EDIT (An addition): I do have to have a follow up- I think it is beyond commendable Google, and in particularly, Jigsaw is trying to analyze language, and figure out toxicity, especially within commenting sections. What they’ve done so far in this field is more than anyone else has done, especially on abusive interactions. That being said, all of their data to train APIS comes from commenting sections, and their abuse models are specifically from data sets that are constrained by what regular and new commenters are saying to each other about a specific topic or domain (articles). Again, it’s highly specific and contextualized data. I still think that this is commendable research because I. Read. The. Comments. And I love commenting sections. But, nowhere on their website for Perspective does it mention that this is a beta or an alpha API, or that it is potentially wrong, or that it needs a lot of self training from other people to make it not racist, and not toxic. That kind of disclosure needs to be on a public facing site, especially one that allows for human input. If Perspective needs to be trained to be accurate, then let people know that they are doing that very necessary labor and that they are doing that labor for free.

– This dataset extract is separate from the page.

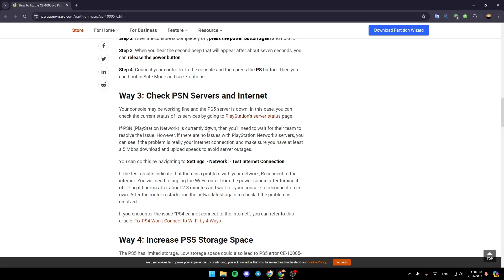However, if there is no issue with the PlayStation Network server, check if the problem is really your internet connection. Make sure you have at least 5 megabytes per second download and upload speed to avoid server outages.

It’s a slippery slope when it comes to unsupervised machine learning and chat bots: models need to be trained frequently, and they are trained from interaction. Let’s not forget Taybot, and what we learned from Tay: how large scale unstructured human training, and 4chan, can destroy your experiments.

//disclosure- I’m working on a fellowship to study hate speech and mitigate harassment. So, the last question I am actively trying to answer, as an ethnographer and machine learning researcher.